--- Problem to work on ---
Pictures in the records below must be left out. Return exactly the lines from the line with "Cách khôi phục" to the line with "Prince Hotel Ribeirão Preto Esterno foto", both included.

--- Data for processing ---

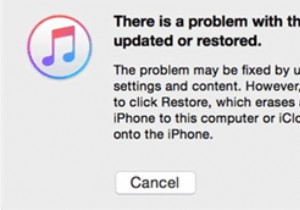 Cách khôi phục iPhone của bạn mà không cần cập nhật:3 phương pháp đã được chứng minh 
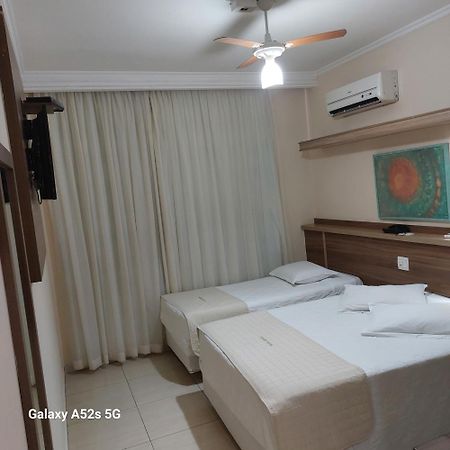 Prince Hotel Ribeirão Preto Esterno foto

--

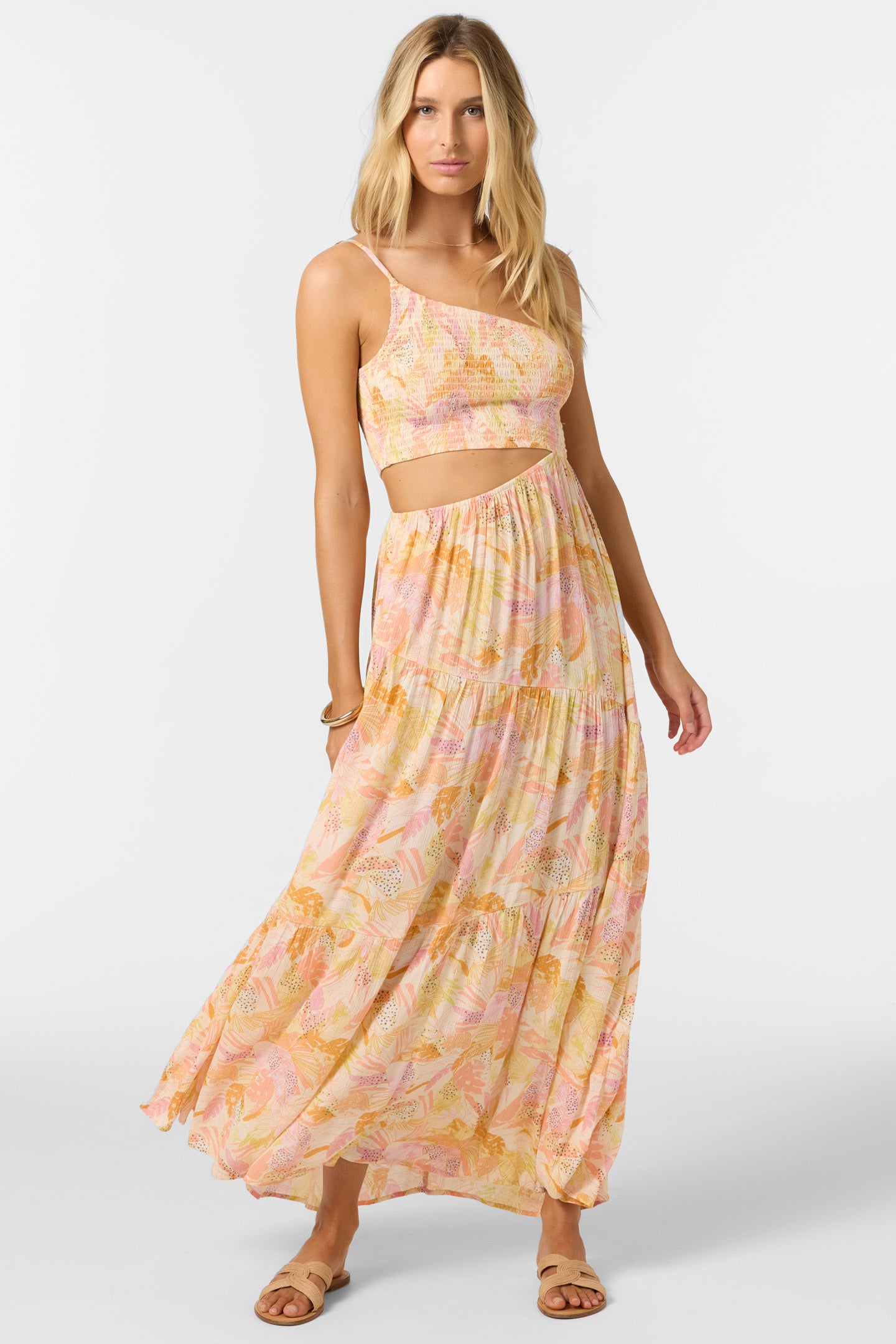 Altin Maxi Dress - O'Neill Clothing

...

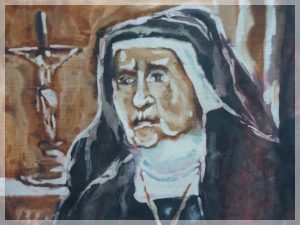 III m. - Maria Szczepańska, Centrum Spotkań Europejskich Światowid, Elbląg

--- Response ---
 Cách khôi phục iPhone của bạn mà không cần cập nhật:3 phương pháp đã được chứng minh 
 Prince Hotel Ribeirão Preto Esterno foto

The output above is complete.